• [Data extract]
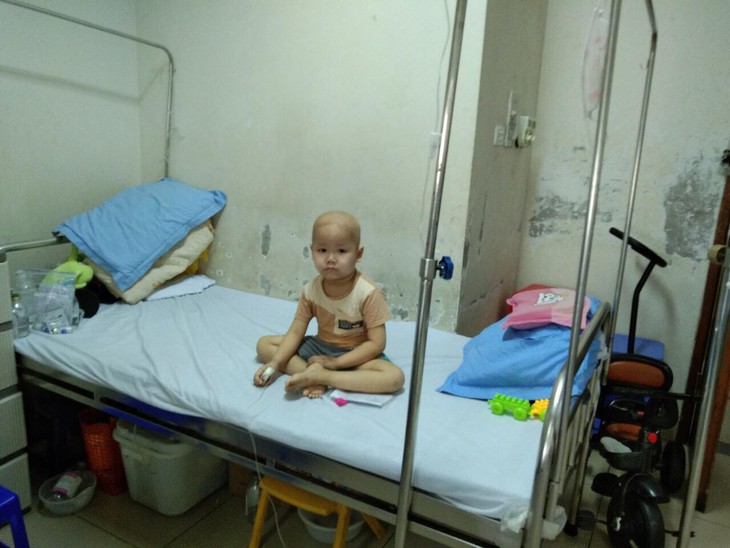 MS 861: Cuộc sống cùng khổ của gia đình con 5 tuổi mắc ung thư máu, bố bị liệt nửa người - Ảnh 2.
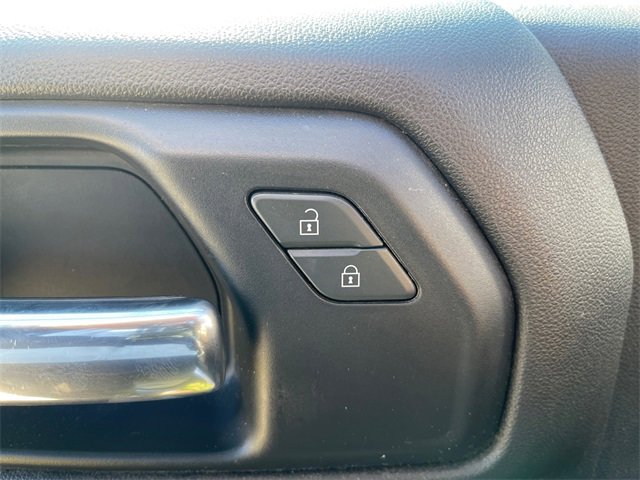 Used 2019 Chevrolet Silverado 1500 Custom w/ Custom Value Package image 18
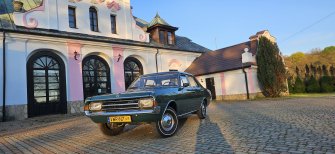Zabytkowy Opel Rekord C do ślubu. Wrocław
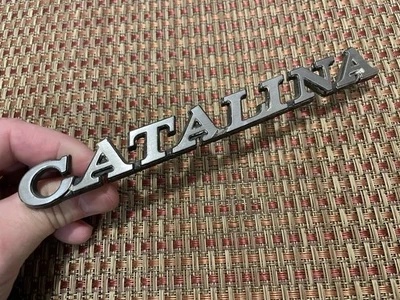 De colección 1971-1974 Pontiac Catalina Escritura Emblema Ornamento (ON-25-325) Foto 1 de 4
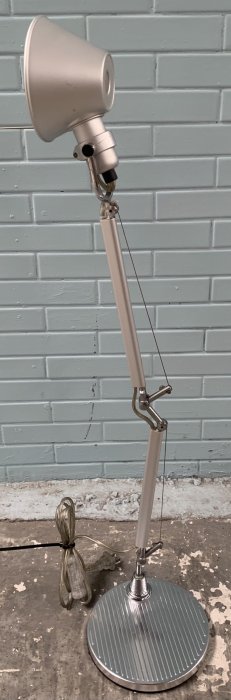 A3117 [家之家二手家具] 復刻 Artemide Tolomeo Midi 閱讀燈 立燈 桌燈 檯燈 學習燈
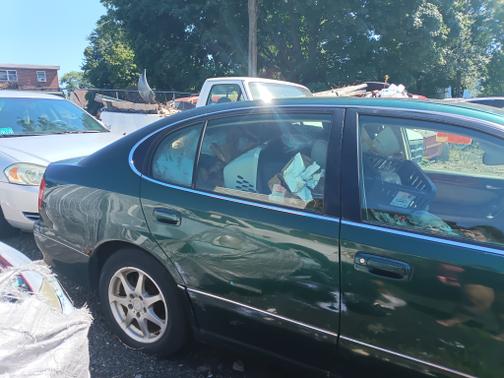 Green 1998 Lexus GS 300 Base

• [Goal of the exercise] What is needed is a word-for-word copy of the data above, free of any images.

• [The answer]
 MS 861: Cuộc sống cùng khổ của gia đình con 5 tuổi mắc ung thư máu, bố bị liệt nửa người - Ảnh 2.
 Used 2019 Chevrolet Silverado 1500 Custom w/ Custom Value Package image 18
Zabytkowy Opel Rekord C do ślubu. Wrocław
 De colección 1971-1974 Pontiac Catalina Escritura Emblema Ornamento (ON-25-325) Foto 1 de 4
 A3117 [家之家二手家具] 復刻 Artemide Tolomeo Midi 閱讀燈 立燈 桌燈 檯燈 學習燈
 Green 1998 Lexus GS 300 Base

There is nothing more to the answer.